Later, Malka Budilovsky of the Soviet Holocaust survivors group, who was leading the ceremony, called on audience members to stand up and give their names and the towns where they had originally lived, in the hope that they could re-establish some long-broken connections. “Last year, two survivors from the Minsk ghetto recognized each other,” explained Lydia Vareljan, coordinator of the Russian division of UJA-Federation. “They hadn’t seen each other since the war.  When they saw each other across the room, they gave a great cry, and the whole ceremony stopped.”

Nothing quite so dramatic happened this year.  But there were still numerous poignant and dramatic moments, from the musical performances by popular singers Boris Pevsner (in Russian) and Marina Buchina (in Yiddish) to the address by Robert Kaplan of the Jewish Community Relations Council, who described his visit to the scene of the massacre.

“Most of my family had been buried in Babi Yar,” Kaplan told the audience.  “I don’t think there were enough tears among myself and the students I brought with me to fill Babi Yar, because Babi Yar is a valley of tears.”  But he ended on a note of hope:  “We (later) visited a refusenik family – I saw my mother’s face in one of the women’s eyes.  It turned out that they were my cousins.  Am Yisroel Chai.”

Other speakers included Rabbi Aaron Kass of EMJC, who said that Jews “must not give Hitler a posthumous victory by abandoning all that you and your parents struggled so hard to preserve,” and Assemblyman Jules Polonetsky (D-Brighton Beach), who praised the audience:  “The only way I and my generation can understand what happened is by sitting here and listening to you.  For that, I am deeply grateful.”

Indeed, the idea that survivors not be silent — so that the world will not be allowed to forget — echoed throughout the ceremony, as when two actual survivors of Babi Yar, Ludmila Tkach and Manya Greenberg, recounted their stories to the audience.  Tkach, who now lives in Los Angeles, was four years old at the time; she had been pushed into the mass grave by her mother’s falling body, and had later crawled out from under the corpses after the killers had left the scene.  Greenberg, now of Philadelphia, was twelve.  She was spared when a local policeman took her out of the line of march when he decided that she did not “look Jewish.”

The program ended with Pevsner leading the audience in a Russian song about peace.  The title roughly translates as “Buchenwald Choir,” after the inmates in the camp who organized a singing group.

But as much as the audience could feel a strengthened sense of group solidarity – and of progress in telling their stories to the world – they knew that one great challenge remains:  to get a full accounting of the tragedy from their former rulers.

The former Soviet government had for many years refused to acknowledge that most of those killed were Jews; the official line was that they were unspecified “victims of Fascism.”  But in 1962, the poet Yevgeny Yevtushenko protested that policy in his now-famous poem, “Babi Yar.”  In the years that followed, the Soviets were increasingly pressured to change their version of the massacre; this finally happened during the Gorbachev years.  (Yevtushenko, who now lives in New York and teaches at Brooklyn College, was originally scheduled to appear at Sunday’s ceremony, but had to cancel due to a scheduling conflict.)

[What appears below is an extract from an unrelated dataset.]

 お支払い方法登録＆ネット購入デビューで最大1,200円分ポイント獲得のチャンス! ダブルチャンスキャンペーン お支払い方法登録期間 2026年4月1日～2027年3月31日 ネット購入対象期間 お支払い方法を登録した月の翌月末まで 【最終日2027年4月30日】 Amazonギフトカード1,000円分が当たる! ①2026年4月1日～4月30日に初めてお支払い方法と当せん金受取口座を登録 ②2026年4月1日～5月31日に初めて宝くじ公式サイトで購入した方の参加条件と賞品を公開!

More progress has been made since the breakup of the USSR.  According to Russian-language journalist Joseph Richter, who attended Sunday’s program, Israel and Ukraine are currently negotiating the construction of a new memorial.  “The Ukrainians are saying, ‘we have a wonderful tradition of friendship with the Jews,’” said Richter, with a laugh.

Another reporter, Arkadiy Kagan of the Russian Forward – whose grandparents were among the 400,000 Jews who died in the Minsk ghetto – was even more hopeful.  “I have heard that Jews in Kiev have been able to do something similar (to Sunday’s ceremony),” he said.  “As recently as 1980, such commemorations were not allowed.”